--- What to work on ---
Extract, exactly as written, each line from the start of the records below to the line containing "Noul BMW iX", both ends included; drop the pictures.

--- Exercise input ---
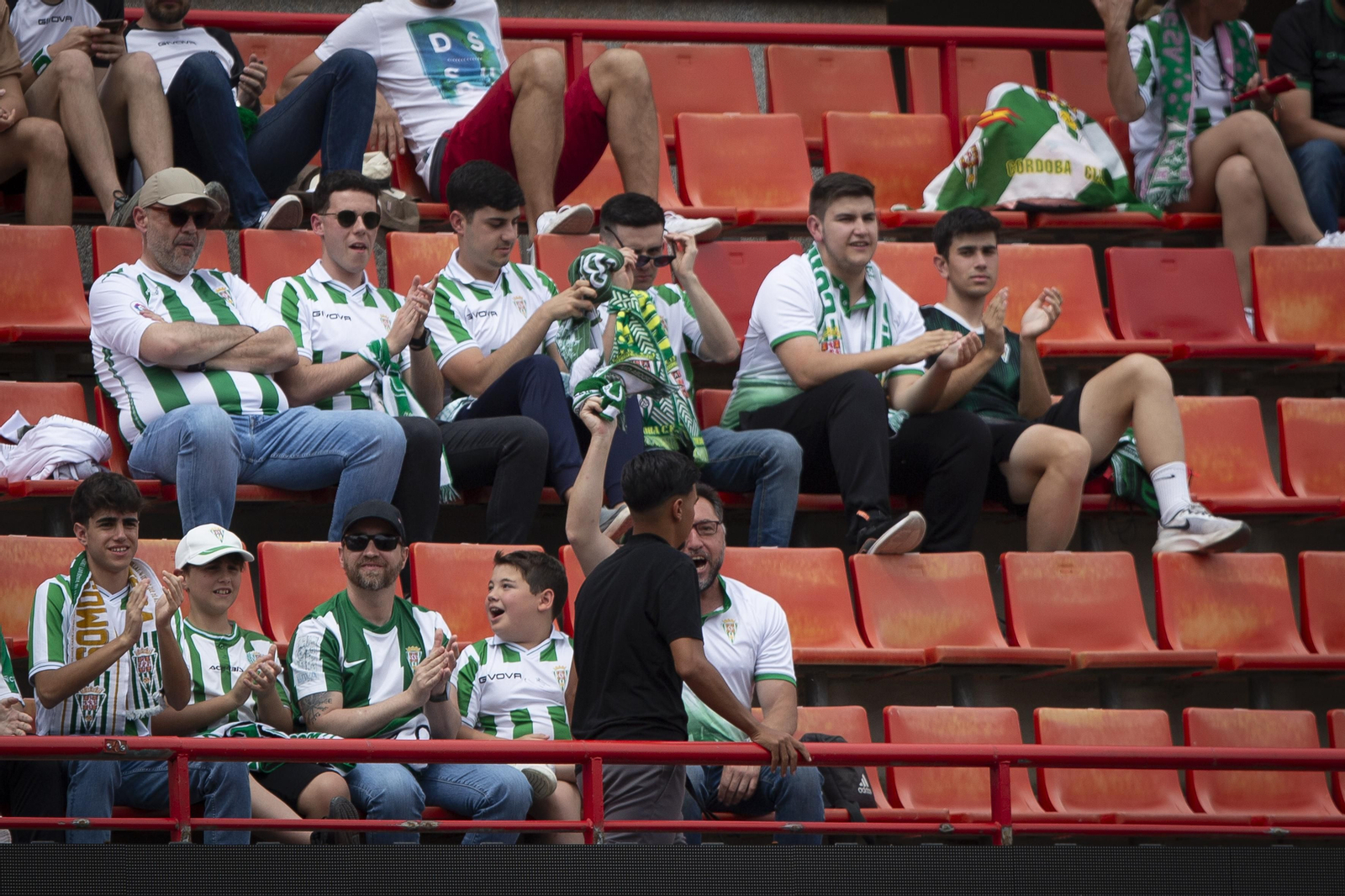 Las mejores fotos del ambiente en el Recreativo Granada - Córdoba CF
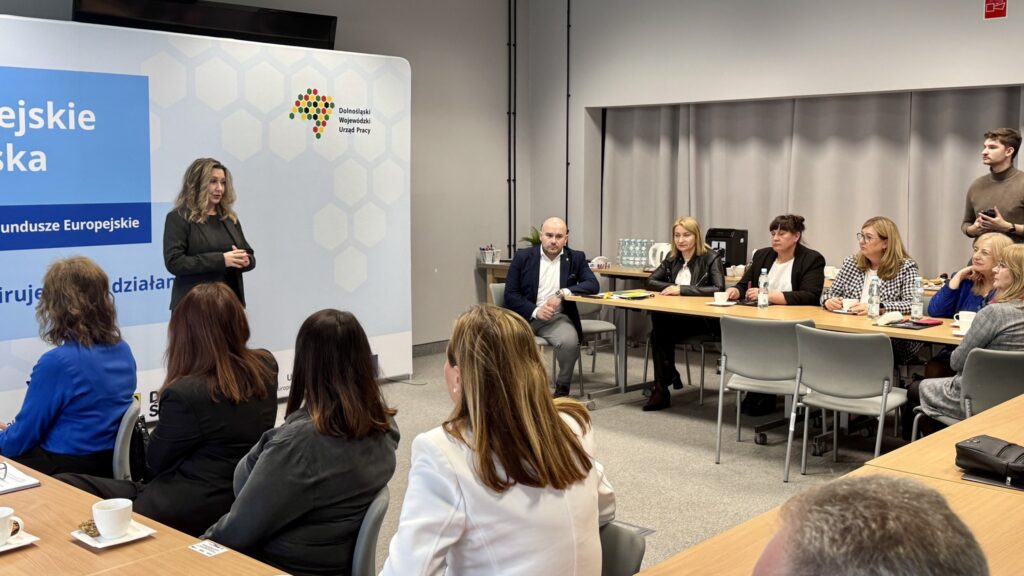 zdjęcie przedstawiające uczestników spotkania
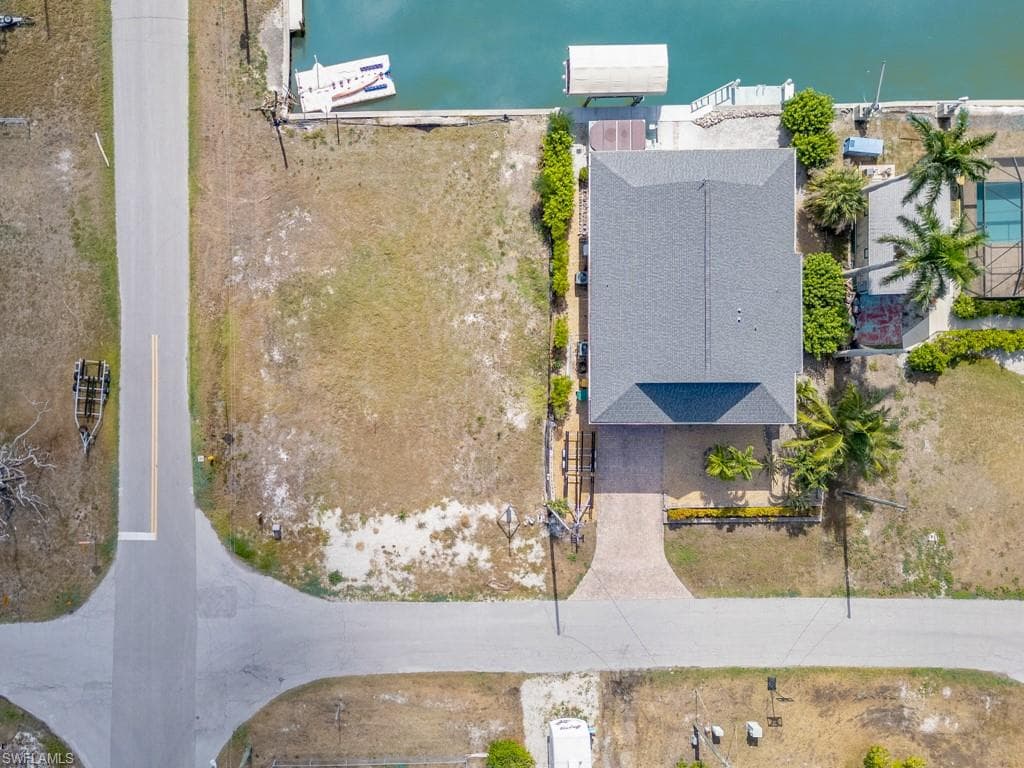 226 Goodland DR, GOODLAND FL 34140-8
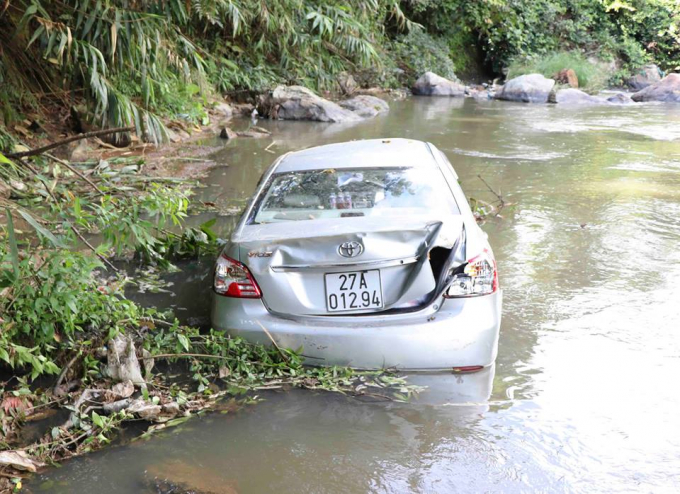 dien-Bien-Xe-con-lao-xuong-suoi-3-nguoi-thuong-von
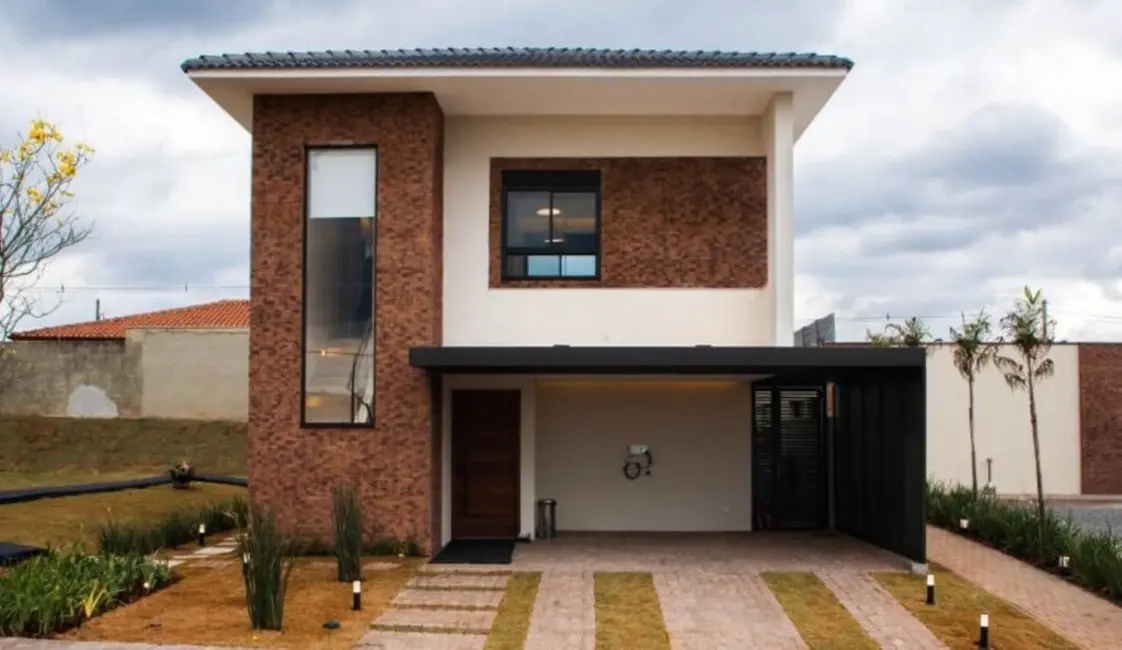 Foto 1 de Casa com 3 quartos à venda, 200m2 em Campinas - SP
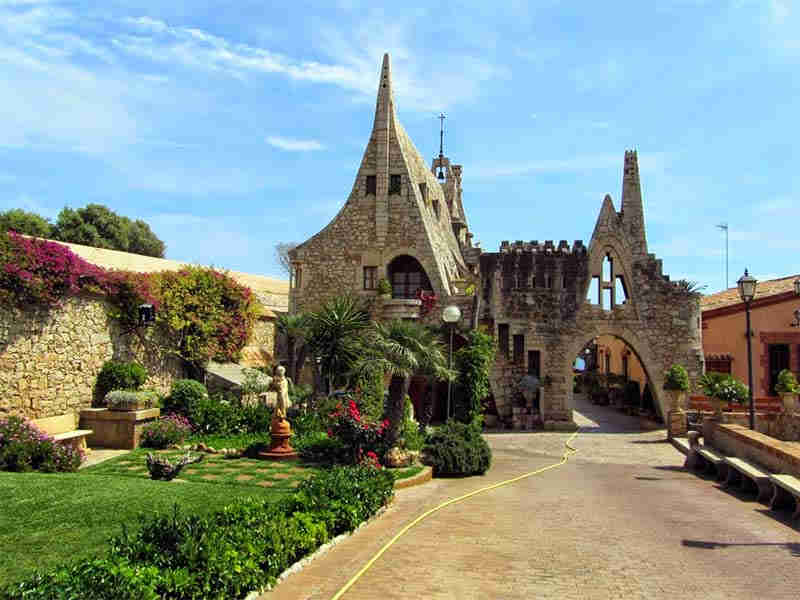 Güell wineries in Sitges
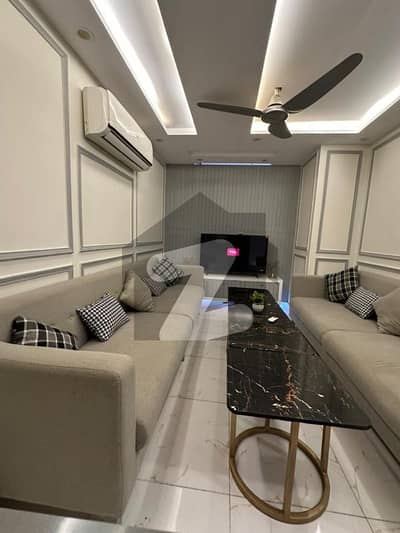 Luxury Apartment for Rent Short and Long Time in Bahria Town Lahore.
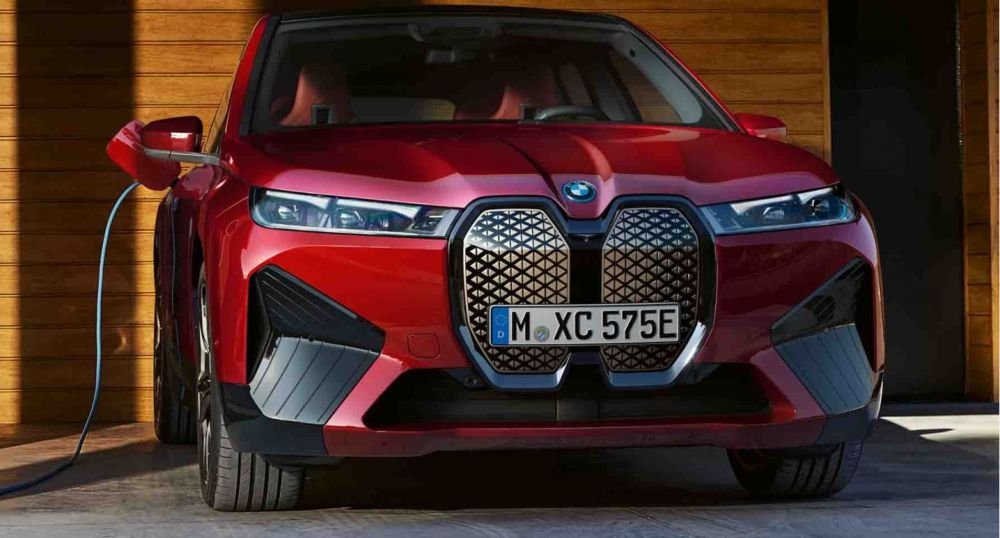 Noul BMW iX aduce viitorul mai aproape și îți propune cele mai avansate inovații tehnologice, pentru un viitor verde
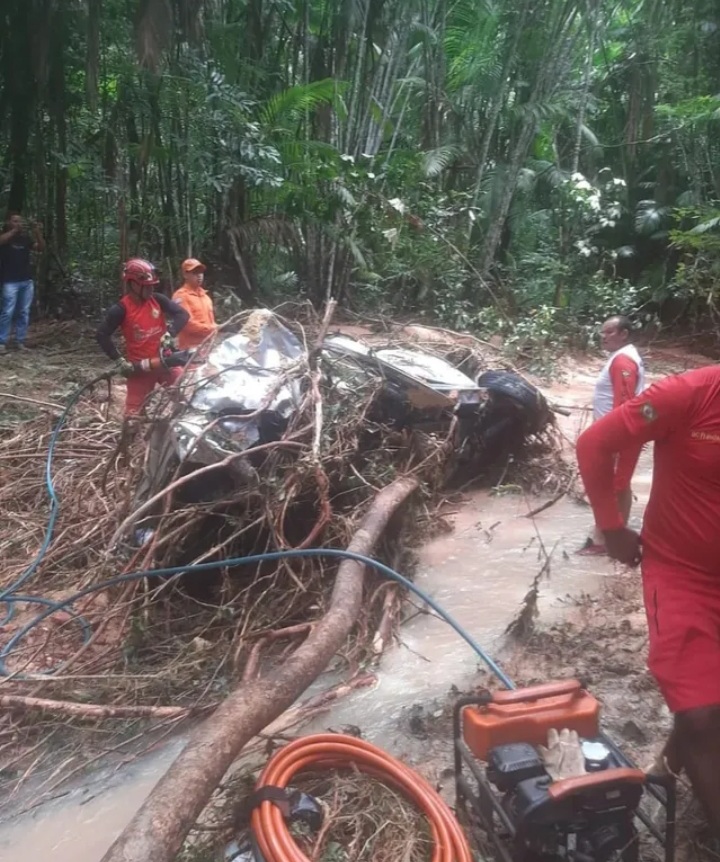 Três homens morrem após carro ser arrastado por enxurrada em&nbsp;Açailândia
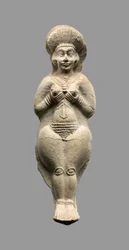 Kvinnofigur, mellanelamit, ca 1500–1100 f.Kr. (keramik)
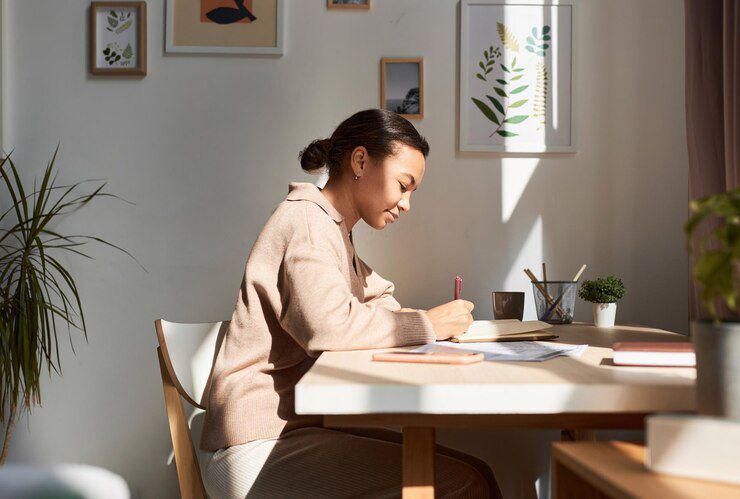 5 Tips Cari Tempat Cozy untuk Menulis, Ide Lancar Tanpa Stuck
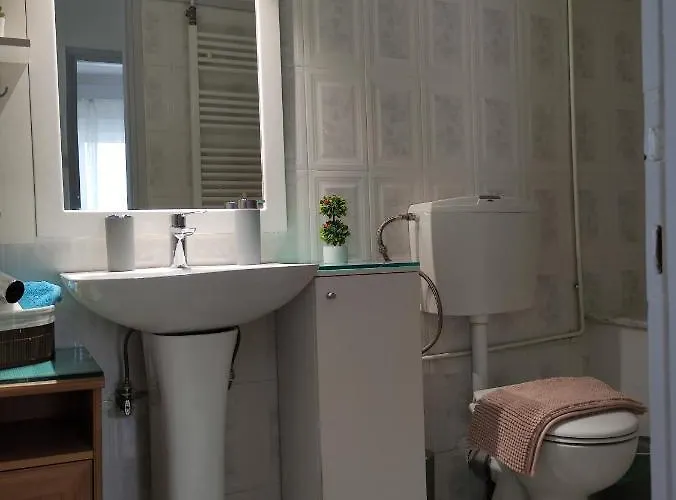 Apartment Helena's 2 *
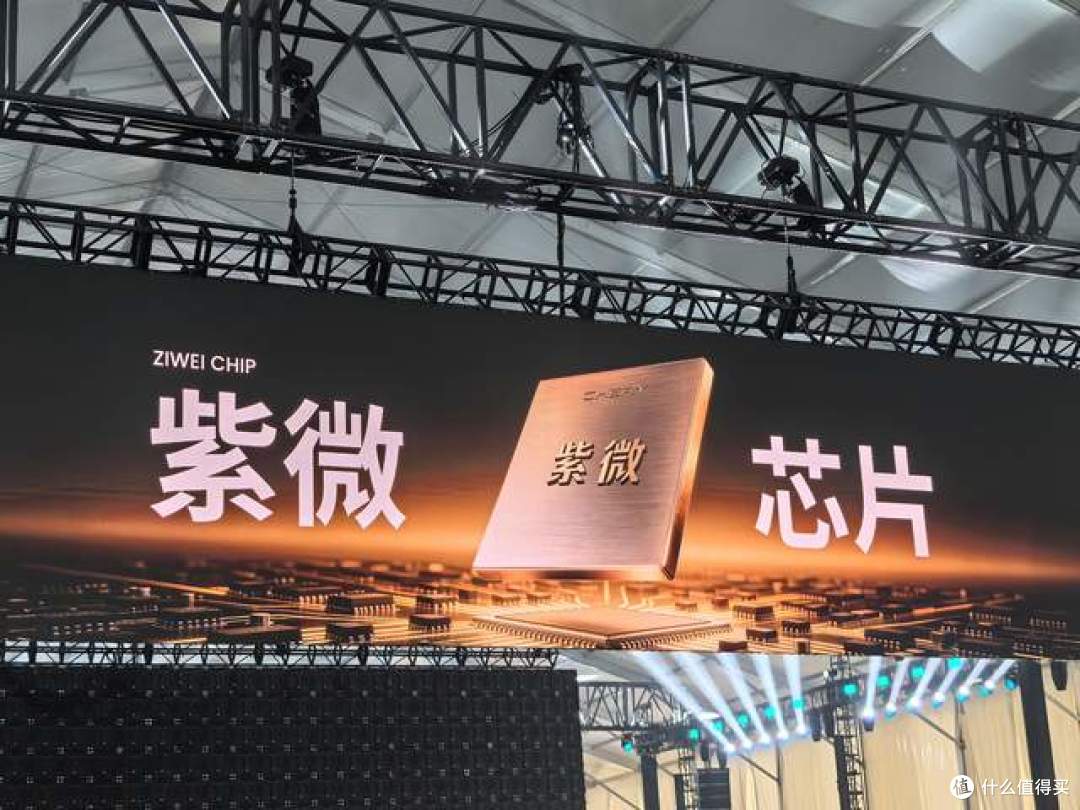 卷完快充卷芯片，奇瑞这波大招，藏着传统车企的逆袭底气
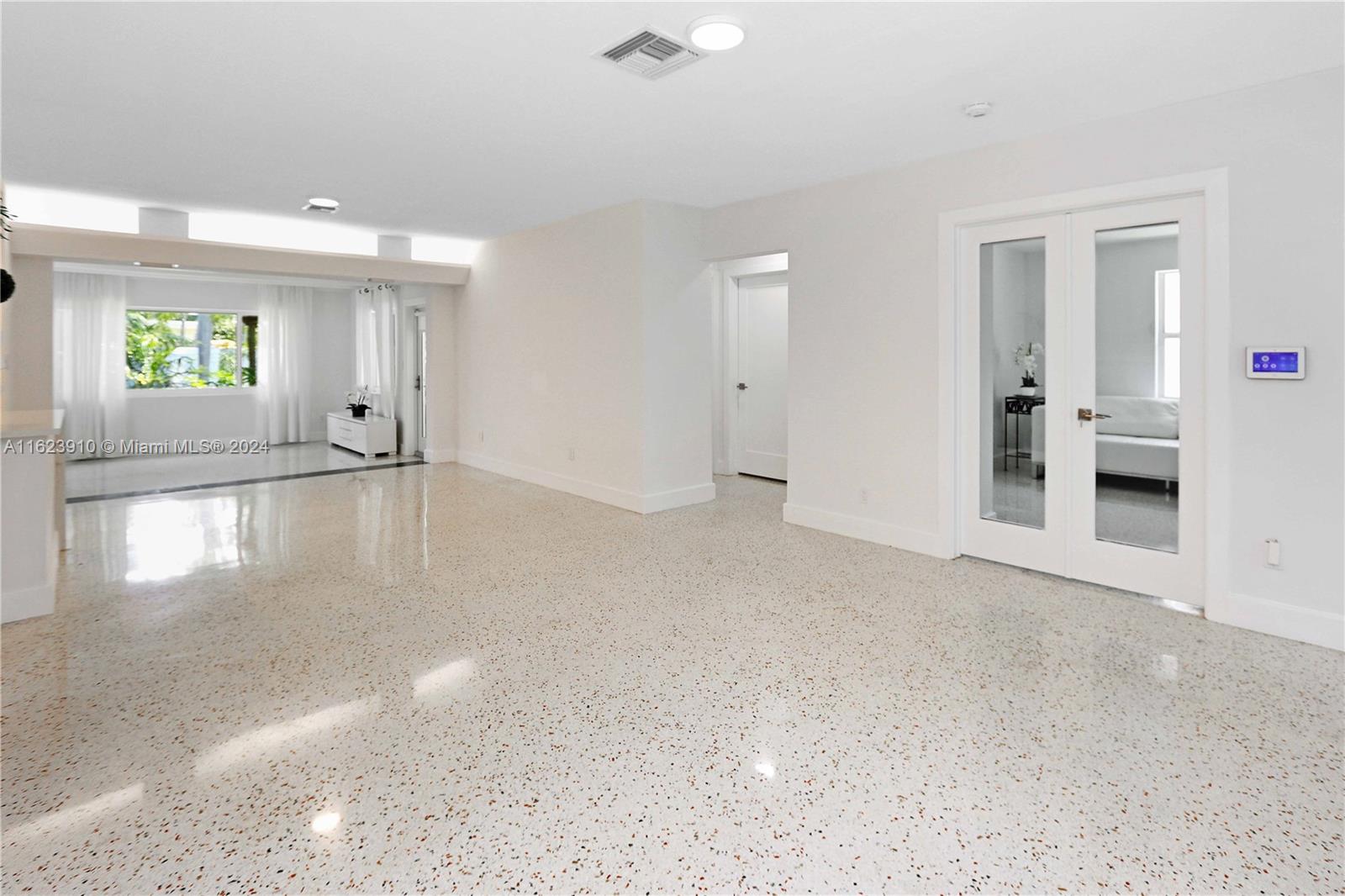 Listing Photo 10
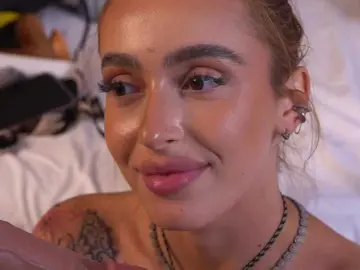 MarissaFox  live sex cam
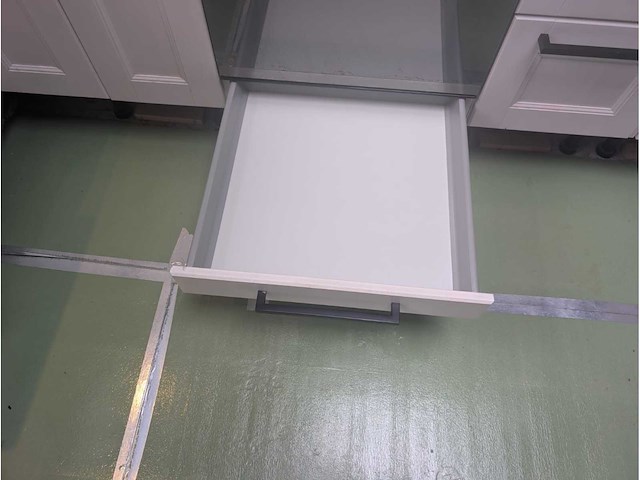 Keuken met apparatuur - afbeelding 16 van  27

--- Answer box ---
 Las mejores fotos del ambiente en el Recreativo Granada - Córdoba CF
 zdjęcie przedstawiające uczestników spotkania
 226 Goodland DR, GOODLAND FL 34140-8
 dien-Bien-Xe-con-lao-xuong-suoi-3-nguoi-thuong-von
 Foto 1 de Casa com 3 quartos à venda, 200m2 em Campinas - SP
 Güell wineries in Sitges
 Luxury Apartment for Rent Short and Long Time in Bahria Town Lahore.
 Noul BMW iX aduce viitorul mai aproape și îți propune cele mai avansate inovații tehnologice, pentru un viitor verde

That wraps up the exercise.